Dániel Pintér

Personal information
- Date of birth: June 6, 2007 (age 19)
- Place of birth: United States
- Position: Winger

Team information
- Current team: Inter Miami
- Number: 56

Youth career
- Boynton Knights
- South Florida Football Academy
- Palm Beach United
- 2019–2025: Inter Miami

Senior career*
- Years: Team / Apps / (Gls)
- 2024–2025: Inter Miami II / 19 / (10)
- 2025: → Inter Miami (loan) / 1 / (0)
- 2026–: Inter Miami / 1 / (0)

International career^{‡}
- 2023: Hungary U16 / 1 / (0)
- 2024: Hungary U17 / 2 / (0)
- 2024–2025: United States U18 / 4 / (1)
- 2025–: United States U19 / 1 / (2)

= Dániel Pintér =

American soccer player (born 2007)

Dániel Pintér (born June 6, 2007) is an American professional soccer player who plays as a winger for Major League Soccer club Inter Miami CF. He has represented the United States and Hungary in youth levels.

==Club career==
Pintér spent his entire youth career in the state of Florida and signed for Inter Miami's academy in 2019, forming part of their inaugural class.

Pintér made his professional debut for Inter Miami II in the MLS Next Pro on March 24, 2024, coming on as a substitute in the 90th-minute for Yannick Bright in the 3–3 away draw against the New York Red Bulls II, he also scored his first professional goal that would tie the game in the 97th-minute.

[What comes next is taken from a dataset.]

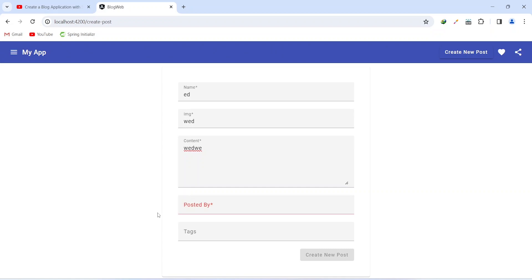That's it for this video. In the next video we will write the code to collect data from this form and call the create post API.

On September 13, 2025, Pintér made his Major League Soccer debut in a 3–0 away loss against Charlotte FC, coming on as a substitute in the 70th-minute for Telasco Segovia. Pintér was eventually signed by the first team as a homegrown player on January 22, 2026.

==International career==
Pintér has represented both the United States and Hungary in various youth levels.